Exercise objective:
Please give back only the lines below from the one containing "Turizm Sektörü Alanya’da Buluştu" to the one containing "MASSES/ޥ/THERMAL SHIRT L/S/ޥ/NATURAL", each repeated word for word, both ends included.
*** Provided information ***
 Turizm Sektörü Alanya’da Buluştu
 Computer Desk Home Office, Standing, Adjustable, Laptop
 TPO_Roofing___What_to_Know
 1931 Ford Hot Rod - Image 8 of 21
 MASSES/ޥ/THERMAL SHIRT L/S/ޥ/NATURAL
*** End of Provided information ***
*** Provided information ***
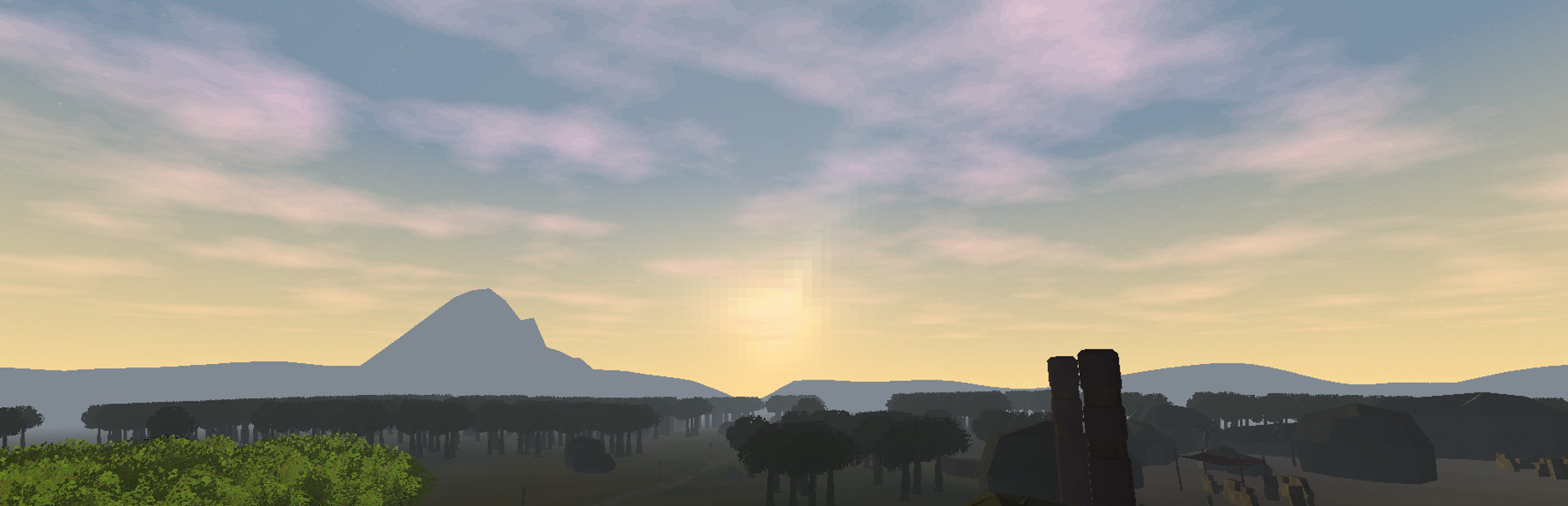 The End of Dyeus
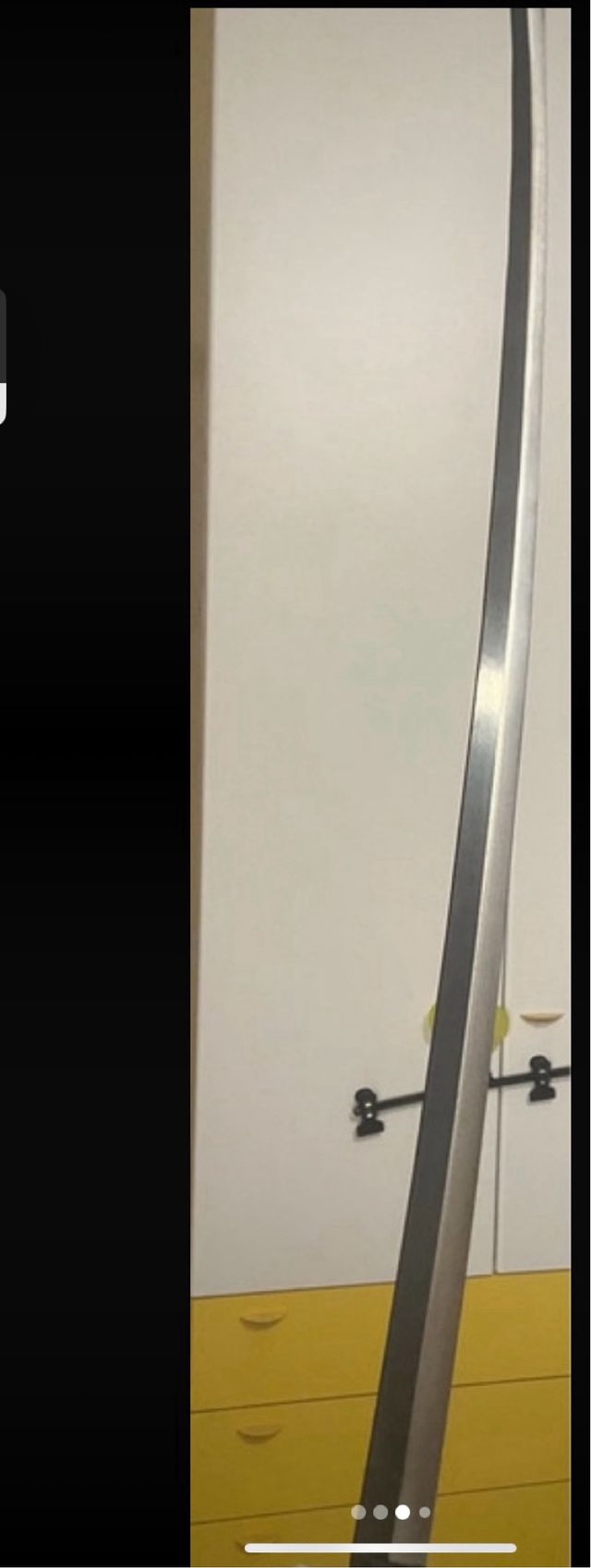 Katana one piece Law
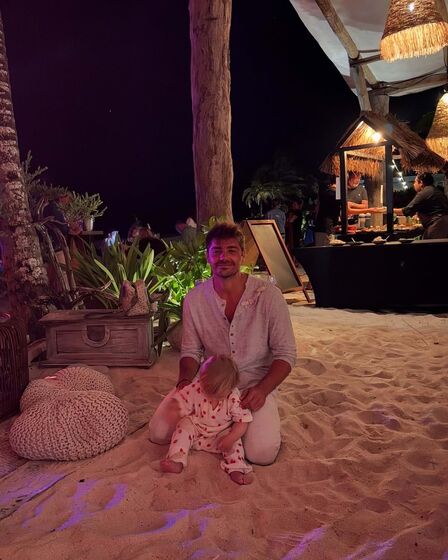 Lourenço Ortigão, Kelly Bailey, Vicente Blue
*** End of Provided information ***
Exercise answer:
 Turizm Sektörü Alanya’da Buluştu
 Computer Desk Home Office, Standing, Adjustable, Laptop
 TPO_Roofing___What_to_Know
 1931 Ford Hot Rod - Image 8 of 21
 MASSES/ޥ/THERMAL SHIRT L/S/ޥ/NATURAL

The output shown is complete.